The concerns of private enterprise and the relationship with law enforcement and national security have been recognised at a national level. For example in the context of the Federal Bureau of Investigation (FBI), there have been hearings in Washington on the acceptable use of FRT. 5 At this hearing, it was stated that the “FBI has limited information on the accuracy of its face recognition technology capabilities.” These hearings called for greater accountability and transparency in the use of the technologies, although definitive outcomes from the hearings are still awaited.
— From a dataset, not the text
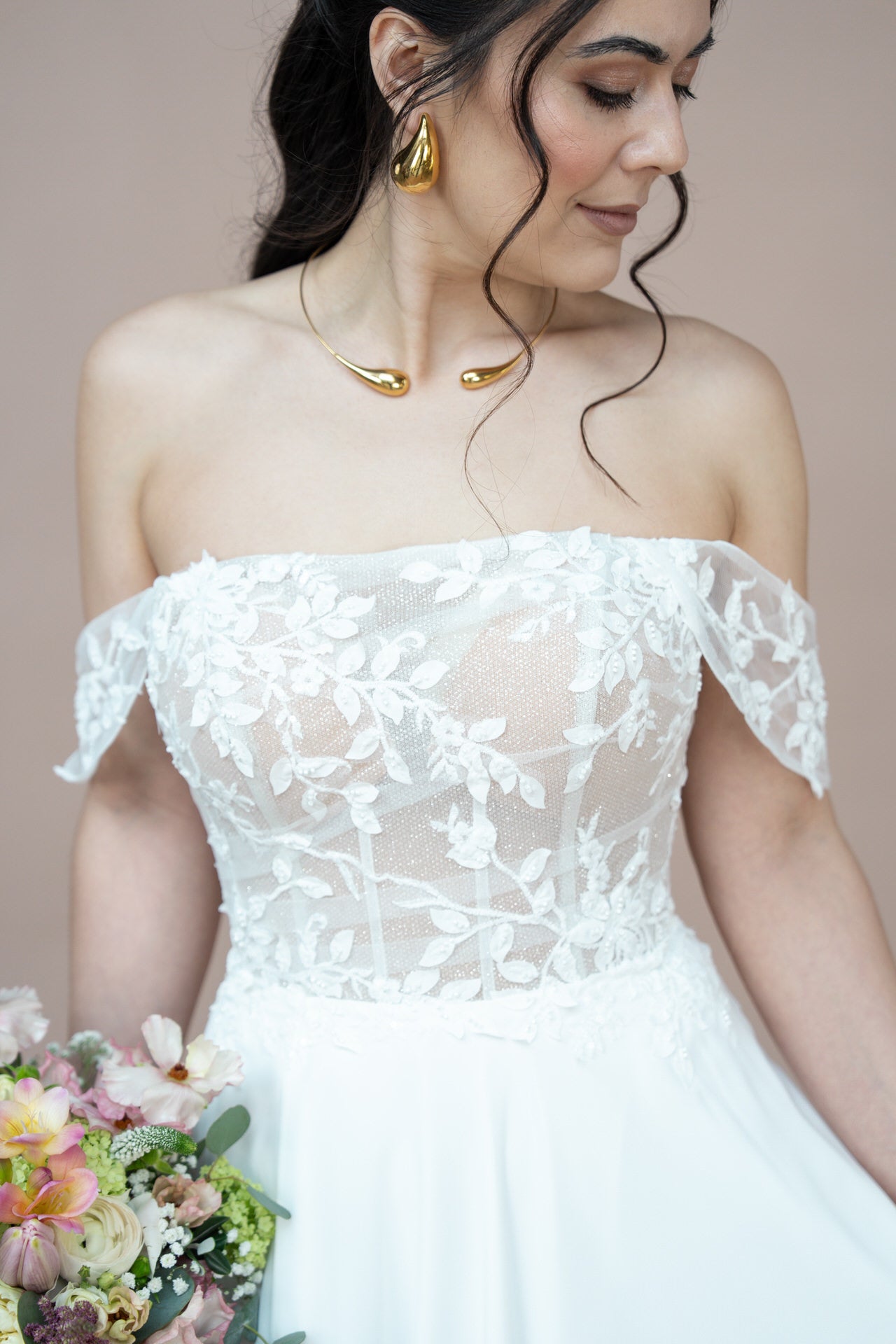 Eine Frau in dem schulterfreien, geblümten Spitzenkleid Bridonista V26-A01 hält einen Blumenstrauß und trägt Goldschmuck. Ihr langes dunkles Haar ist zu lockeren Wellen gestylt und sie blickt mit einem sanften Lächeln zu Boden.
A recent illustration of the current opacity of the USA system is demonstrated in the case of Willie Allen Lynch, a black man convicted in 2016 by a Florida court of selling cocaine; the Police Department made the decision to arrest him based on a facial recognition match, among other factors. In an attempt to appeal the decision, Lynch argued that the facial recognition system made an erroneous match (a reasonable statement, given FRT’s known inaccuracy with black faceprints [ 9 ]), proving this, however, required the police to turn over the photo in question and the list of possible faceprint matches offered by the system, which it refused to do. Strikingly, the detectives involved in the case admitted that, while the FRT rated Lynch’s faceprint as the closest match, they did not actually know how the rating system worked or even which scale the rating was assigned on. Ultimately, the court ruled in favour of the Police Department, and Lynch was never given access to the photo and potential matches [ 31 ].

On a federal level, the issues of a lack of transparency and accountability persist; an attempt by the American Civil Liberties Union (ACLU) to gather information about the use of FRT by the Department of Justice, the FBI and the Drug Enforcement Administration failed, since none of the agencies responded to a Freedom of Information Act request. Undeterred, the ACLU pursued legal action, with results yet to be seen—there has been no information about the case since October 2019, when the initial complaint was filed [ 32 ]. In addition, the ACLU has called out the Government’s and private enterprises’ surveillance operations at airports and customs boundaries across the USA [ 33 ].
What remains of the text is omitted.